#### Task data ####

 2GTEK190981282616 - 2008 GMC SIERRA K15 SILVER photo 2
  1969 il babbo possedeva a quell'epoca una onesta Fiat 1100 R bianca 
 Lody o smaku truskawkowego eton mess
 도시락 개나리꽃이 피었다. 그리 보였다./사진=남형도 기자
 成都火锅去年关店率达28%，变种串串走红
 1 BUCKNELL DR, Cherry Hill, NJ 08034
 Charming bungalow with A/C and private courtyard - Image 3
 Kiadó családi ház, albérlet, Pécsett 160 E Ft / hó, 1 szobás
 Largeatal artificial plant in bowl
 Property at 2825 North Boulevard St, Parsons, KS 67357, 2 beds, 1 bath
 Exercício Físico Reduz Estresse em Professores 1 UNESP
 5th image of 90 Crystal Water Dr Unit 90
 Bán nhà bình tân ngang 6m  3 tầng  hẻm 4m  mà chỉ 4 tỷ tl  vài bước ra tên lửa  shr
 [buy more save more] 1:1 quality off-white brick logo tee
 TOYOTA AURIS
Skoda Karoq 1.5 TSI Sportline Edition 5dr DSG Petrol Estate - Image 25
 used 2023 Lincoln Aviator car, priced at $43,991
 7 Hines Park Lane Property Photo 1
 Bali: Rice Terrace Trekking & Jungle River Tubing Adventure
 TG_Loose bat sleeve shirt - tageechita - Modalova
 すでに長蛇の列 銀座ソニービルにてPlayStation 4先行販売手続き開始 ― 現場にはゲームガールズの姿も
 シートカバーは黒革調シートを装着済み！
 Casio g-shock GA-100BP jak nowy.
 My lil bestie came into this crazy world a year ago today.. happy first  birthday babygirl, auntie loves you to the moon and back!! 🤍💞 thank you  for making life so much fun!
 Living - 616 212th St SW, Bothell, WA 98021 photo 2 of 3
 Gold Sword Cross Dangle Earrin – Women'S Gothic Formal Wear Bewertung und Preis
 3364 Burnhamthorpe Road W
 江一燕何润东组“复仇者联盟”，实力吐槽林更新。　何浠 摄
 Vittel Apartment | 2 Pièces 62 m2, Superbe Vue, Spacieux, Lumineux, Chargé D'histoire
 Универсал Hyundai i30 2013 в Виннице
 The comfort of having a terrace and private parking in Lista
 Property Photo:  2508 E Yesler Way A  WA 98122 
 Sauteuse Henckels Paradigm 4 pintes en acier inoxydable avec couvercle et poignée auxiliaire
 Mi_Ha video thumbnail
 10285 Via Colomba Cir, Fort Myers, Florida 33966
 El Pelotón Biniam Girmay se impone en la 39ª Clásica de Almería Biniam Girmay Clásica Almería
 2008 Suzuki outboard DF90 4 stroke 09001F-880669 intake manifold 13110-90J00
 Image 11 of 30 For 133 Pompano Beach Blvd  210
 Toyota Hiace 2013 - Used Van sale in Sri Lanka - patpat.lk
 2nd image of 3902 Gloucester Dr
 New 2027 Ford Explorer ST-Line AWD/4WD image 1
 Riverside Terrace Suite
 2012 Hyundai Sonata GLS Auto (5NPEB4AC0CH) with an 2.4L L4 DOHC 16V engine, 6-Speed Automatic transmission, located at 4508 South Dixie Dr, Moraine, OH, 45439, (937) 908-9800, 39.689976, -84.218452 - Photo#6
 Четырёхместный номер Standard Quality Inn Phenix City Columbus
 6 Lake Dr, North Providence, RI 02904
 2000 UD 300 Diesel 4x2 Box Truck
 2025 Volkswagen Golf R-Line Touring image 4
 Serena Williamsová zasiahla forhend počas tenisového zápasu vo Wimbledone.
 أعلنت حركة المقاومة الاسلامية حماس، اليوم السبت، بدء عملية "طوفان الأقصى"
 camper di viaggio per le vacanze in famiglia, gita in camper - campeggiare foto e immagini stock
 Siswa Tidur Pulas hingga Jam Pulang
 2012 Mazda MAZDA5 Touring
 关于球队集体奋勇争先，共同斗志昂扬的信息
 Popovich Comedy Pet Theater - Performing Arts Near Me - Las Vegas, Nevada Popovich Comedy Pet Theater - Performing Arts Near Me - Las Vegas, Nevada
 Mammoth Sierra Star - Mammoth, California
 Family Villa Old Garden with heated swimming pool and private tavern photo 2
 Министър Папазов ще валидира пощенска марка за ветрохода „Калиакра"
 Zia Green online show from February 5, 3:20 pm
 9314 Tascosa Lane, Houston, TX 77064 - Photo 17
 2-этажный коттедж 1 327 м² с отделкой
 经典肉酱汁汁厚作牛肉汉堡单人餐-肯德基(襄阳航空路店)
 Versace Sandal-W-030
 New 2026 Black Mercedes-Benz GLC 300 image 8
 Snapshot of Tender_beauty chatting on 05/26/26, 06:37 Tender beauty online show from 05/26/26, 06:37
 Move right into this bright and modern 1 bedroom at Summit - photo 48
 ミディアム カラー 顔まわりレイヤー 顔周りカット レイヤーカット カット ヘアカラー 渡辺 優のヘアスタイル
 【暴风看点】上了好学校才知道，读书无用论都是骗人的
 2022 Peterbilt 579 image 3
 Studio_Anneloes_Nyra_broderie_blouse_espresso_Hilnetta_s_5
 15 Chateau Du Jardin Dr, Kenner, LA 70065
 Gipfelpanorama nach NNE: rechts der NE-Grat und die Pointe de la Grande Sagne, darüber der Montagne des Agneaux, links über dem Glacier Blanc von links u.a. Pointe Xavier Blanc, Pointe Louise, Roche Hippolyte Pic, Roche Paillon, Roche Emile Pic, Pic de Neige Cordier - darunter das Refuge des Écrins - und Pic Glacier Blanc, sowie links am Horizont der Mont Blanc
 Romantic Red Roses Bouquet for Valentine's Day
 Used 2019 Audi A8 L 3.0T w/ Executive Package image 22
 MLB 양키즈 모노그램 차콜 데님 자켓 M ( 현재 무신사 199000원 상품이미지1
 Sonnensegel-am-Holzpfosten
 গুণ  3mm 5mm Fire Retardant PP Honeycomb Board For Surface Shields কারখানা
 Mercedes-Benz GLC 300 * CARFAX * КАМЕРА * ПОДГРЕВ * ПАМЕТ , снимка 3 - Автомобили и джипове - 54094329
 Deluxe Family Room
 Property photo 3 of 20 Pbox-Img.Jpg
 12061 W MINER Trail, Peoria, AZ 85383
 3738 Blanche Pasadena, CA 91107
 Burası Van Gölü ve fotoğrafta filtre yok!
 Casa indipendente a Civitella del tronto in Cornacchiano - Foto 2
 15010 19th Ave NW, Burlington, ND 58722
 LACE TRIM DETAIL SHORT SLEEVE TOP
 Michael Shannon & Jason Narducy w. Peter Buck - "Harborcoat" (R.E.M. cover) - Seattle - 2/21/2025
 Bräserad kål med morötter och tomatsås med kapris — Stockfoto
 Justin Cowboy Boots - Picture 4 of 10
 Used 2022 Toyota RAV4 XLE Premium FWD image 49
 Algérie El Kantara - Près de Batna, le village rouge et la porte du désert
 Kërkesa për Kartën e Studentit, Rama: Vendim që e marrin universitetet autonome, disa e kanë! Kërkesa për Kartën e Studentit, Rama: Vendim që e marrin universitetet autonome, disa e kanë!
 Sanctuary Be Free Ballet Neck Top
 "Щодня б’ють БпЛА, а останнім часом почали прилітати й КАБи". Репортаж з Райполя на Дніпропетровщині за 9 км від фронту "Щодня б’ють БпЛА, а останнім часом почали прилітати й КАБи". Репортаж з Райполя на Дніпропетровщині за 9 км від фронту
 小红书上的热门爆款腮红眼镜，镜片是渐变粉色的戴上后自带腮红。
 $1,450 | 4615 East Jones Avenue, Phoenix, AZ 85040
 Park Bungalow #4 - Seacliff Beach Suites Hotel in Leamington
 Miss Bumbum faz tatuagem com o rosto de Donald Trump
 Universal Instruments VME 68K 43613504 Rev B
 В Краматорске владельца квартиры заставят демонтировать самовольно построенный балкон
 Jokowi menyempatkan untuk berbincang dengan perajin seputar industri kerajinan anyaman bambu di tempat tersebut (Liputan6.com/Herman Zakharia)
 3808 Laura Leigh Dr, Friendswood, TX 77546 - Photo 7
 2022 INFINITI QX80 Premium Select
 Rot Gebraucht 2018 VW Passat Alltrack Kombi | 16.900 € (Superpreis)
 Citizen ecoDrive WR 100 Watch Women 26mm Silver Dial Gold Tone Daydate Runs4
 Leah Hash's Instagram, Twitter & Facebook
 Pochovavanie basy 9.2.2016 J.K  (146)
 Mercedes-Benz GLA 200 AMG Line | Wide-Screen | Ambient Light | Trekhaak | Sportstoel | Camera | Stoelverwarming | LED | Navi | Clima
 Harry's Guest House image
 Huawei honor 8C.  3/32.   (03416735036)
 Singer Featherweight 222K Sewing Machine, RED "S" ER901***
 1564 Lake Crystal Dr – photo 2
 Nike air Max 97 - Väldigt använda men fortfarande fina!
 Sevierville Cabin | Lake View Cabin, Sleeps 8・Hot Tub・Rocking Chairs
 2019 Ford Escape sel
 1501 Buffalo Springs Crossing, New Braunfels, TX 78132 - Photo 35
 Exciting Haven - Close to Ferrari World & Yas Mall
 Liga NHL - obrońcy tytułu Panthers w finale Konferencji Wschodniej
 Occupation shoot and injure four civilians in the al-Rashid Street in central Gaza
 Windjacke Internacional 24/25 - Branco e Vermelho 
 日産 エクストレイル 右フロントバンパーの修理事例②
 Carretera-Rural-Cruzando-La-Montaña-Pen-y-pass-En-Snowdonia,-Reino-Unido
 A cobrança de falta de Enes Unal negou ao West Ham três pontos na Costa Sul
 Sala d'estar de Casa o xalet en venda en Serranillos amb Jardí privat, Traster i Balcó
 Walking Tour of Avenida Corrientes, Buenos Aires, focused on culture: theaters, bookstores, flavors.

####

What the task asks → Set down again, word for word, the stretch of records from the line with "Burası Van Gölü ve fotoğrafta filtre yok!" to the line with "Michael Shannon &", both of those lines included.

Written answer →
 Burası Van Gölü ve fotoğrafta filtre yok!
 Casa indipendente a Civitella del tronto in Cornacchiano - Foto 2
 15010 19th Ave NW, Burlington, ND 58722
 LACE TRIM DETAIL SHORT SLEEVE TOP
 Michael Shannon & Jason Narducy w. Peter Buck - "Harborcoat" (R.E.M. cover) - Seattle - 2/21/2025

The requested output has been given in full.